One of the best we’ve read this spring is Red Kayak by Priscilla Cummings, a novel that grabs the reader right from the first page. Three teenage boys, Brady, J.T., and Digger, are waiting together for a drive to school. They notice Brady’s neighbour going on to the river in a red kayak. Knowing the weather is not good and that the neighbour is not experienced, Brady thinks they should call out a warning. The others put him off and the moment of opportunity to do so passes.
The consequences of that moment and the decision made – or not made – will haunt them all in the days and months to come. Brady seems to be the most mature of the three, and it is Brady who will ask himself, over and over again, why he did not call out. The guilt that he will feel, and the “what if” will torture him, and no one – except his friends – will understand the guilt he will feel.
Someone died as a result of the inaction of these boys – and actions that come to light as the novel progresses. Brady has had experience with grief in his own life – his infant sister, Amanda, died from SIDS some years earlier. She is never mentioned in his home but this new death will force Brady and his parents to think about death, and it’s consequences, not only for the neigbour’s family but for their own.

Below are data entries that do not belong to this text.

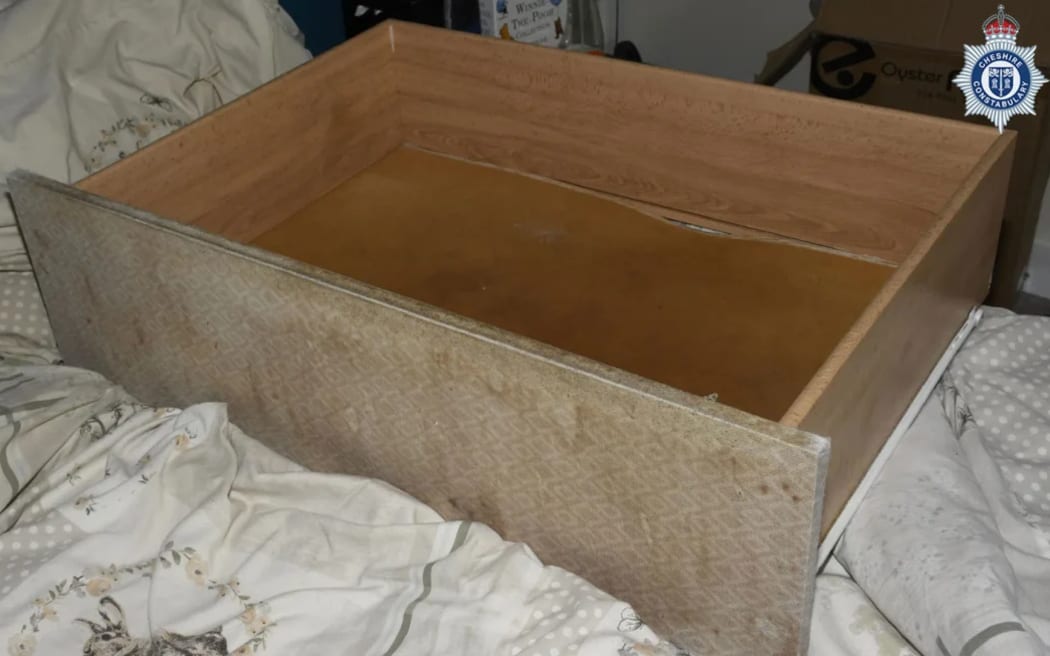 A child was discovered weeks before her third birthday in a drawer under a woman's bed.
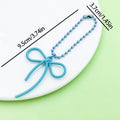 Butterfly Charm Keychains Featuring Magenta Bow Across 17 Pictured Variations view 7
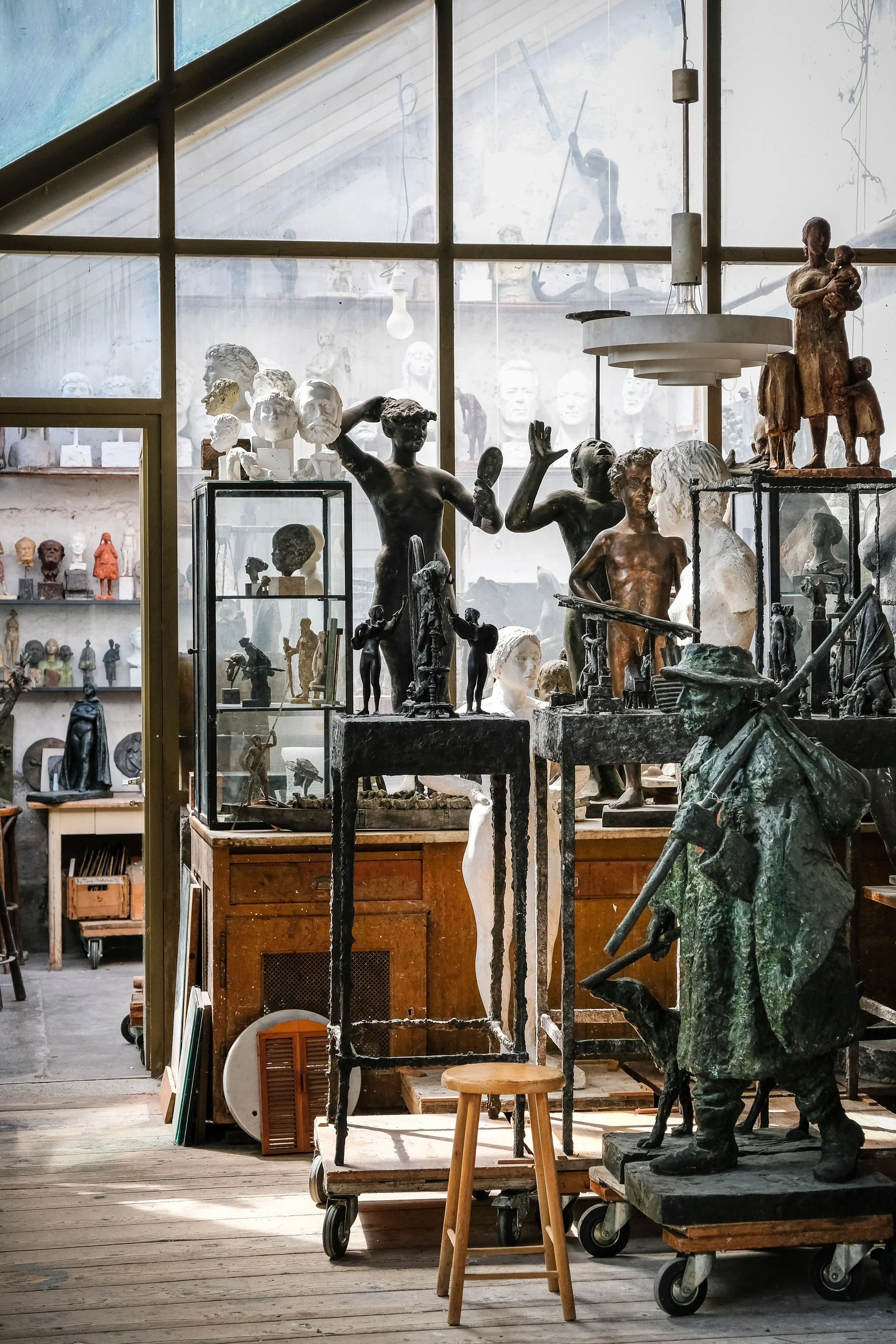 Blick in ein Kunstrestaurationsatelier mit Skulpturen und Figuren aus Bronze und anderen Materialien, auf Tischen und Rollwagen, hinter einer großen fensterartigen Wand.
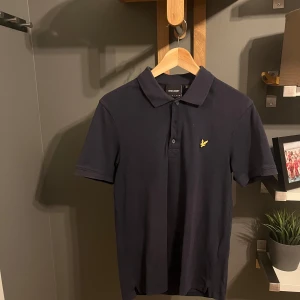 Mörkblå pikétröja från Lyle & Scott - Säljer en snygg mörkblå pikétröja från Lyle & Scott i väldigt bra skick. Säljs då den har blivit för liten. Pris är diskuterbart! Hör av dig om du har några frågor. 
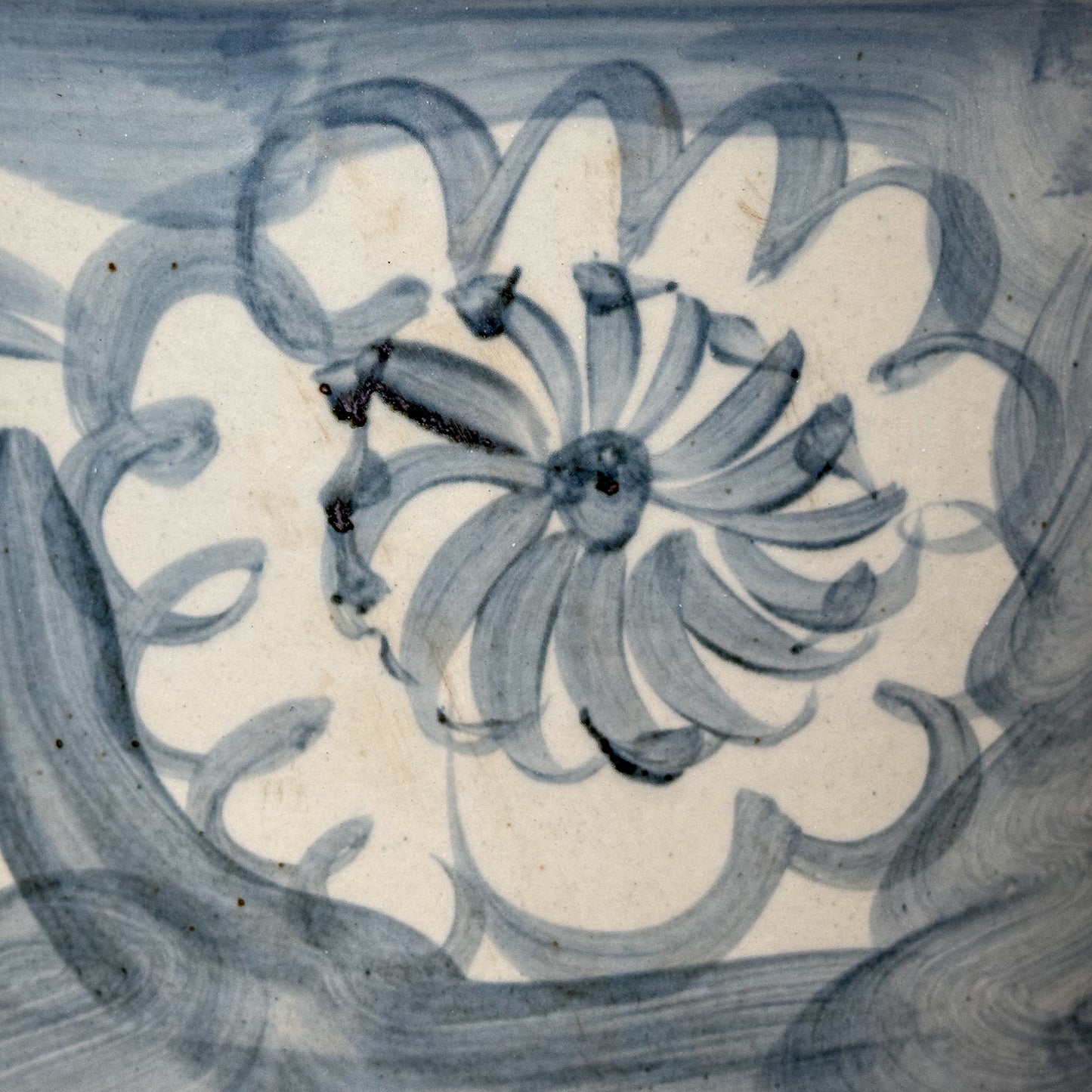 Decorative tile with floral design in blue on a beige background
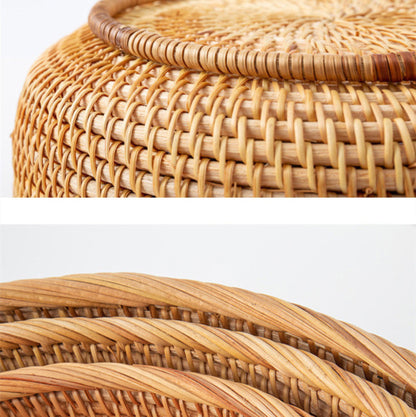 Close-up of a handmade rattan woven storage baskets on a white background. Earthy and natural kitchen and living room decor. 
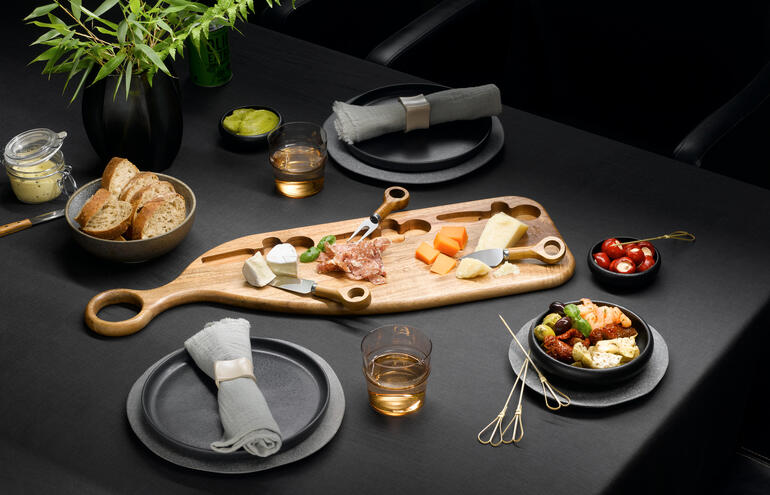 Planche de service design en bois d'acacia avec fromage, fruits et snacks sur une table sombre.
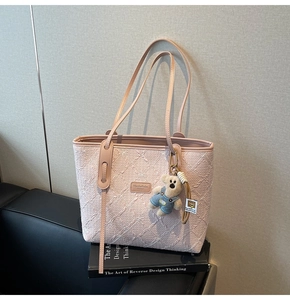 Détail du sac cabas rose montrant la texture gaufrée et un charmant ours en peluche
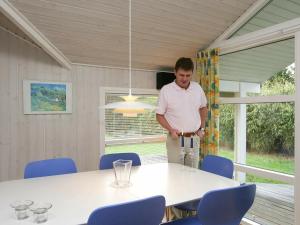 a man standing in a room with a table at 10 person holiday home in V ggerl se in Marielyst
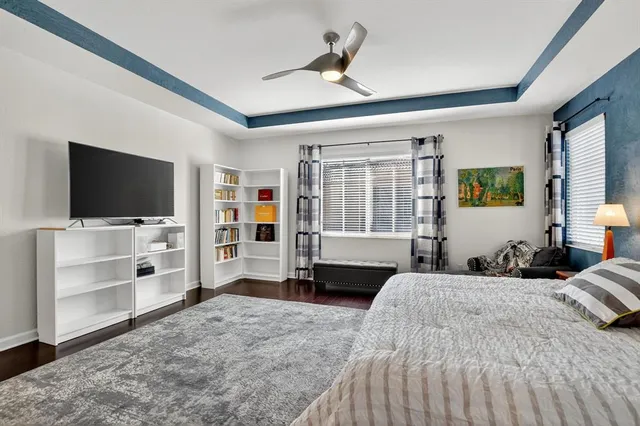 an aerial view of residential houses with outdoor space and river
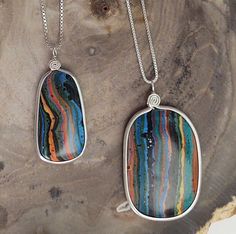 "Choice of 3 Fun Amazing Rainbow Calsilica Pendant Necklaces! These Multi color stones are perimeter wire wrapped with Sterling Silver by us. We finish them with their simple design, which enhances them while bringing out the individual characteristics and colors of each pendant! This stone is Mostly man made, while using the natural calcite as a base! The perimeter wire wrap holds the stone tight so they do not break like other designers slab pendants that are only drilled. The swirl at the top Multicolor Wire Wrapped Pendant Jewelry, Multicolor Necklace With Large Oval Pendant, Multicolor Wire Wrapped Pendant Necklace, Handmade Multicolor Oval Pendant Jewelry, Unique Multicolor Oval Pendant Jewelry, Multicolor Necklace With Large Stone For Gift, Unique Multicolor Large Stone Jewelry, Unique Multicolor Jewelry With Large Stone, Multicolor Oval Pendant For Jewelry Making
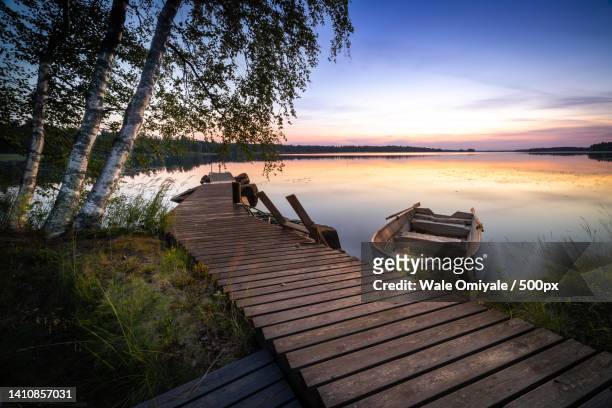scenic view of lake against sky during sunset,kangasniemi,finland - lake finland bildbanksfoton och bilder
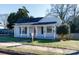 Charming bungalow with front porch and well-maintained lawn at 207 Lee St, Fort Mill, SC 29715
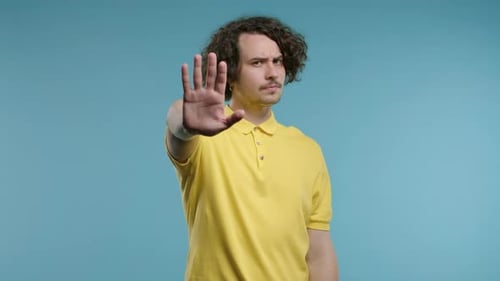 Serious Man Showing Rejecting Gesture By Stop Palm Sign Not Allow Prohibition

This novel is very much about consequences, about how a small act can have huge consequences. In this case, tragic consequences. These boys will also struggle with right and wrong, and truth versus lies.
Brady’s father says, “if you know right from wrong, then the answer is always right there, smack in front of you. It’s when you get to thinkin’ on it that you get in trouble. Because doin’ what’s right is not always the easiest thing.” “It’s just that sometimes, even when the right answer is smack in front of you, you got to reach deep inside yourself to act on it. You know what I’m saying?”
Brady does finally admit the truth of the situation to his father and there are serious consequence for all involved – but there is also understanding and forgiveness and redemption. Big and important issues explored in a very gripping, suspenseful and satisfying novel.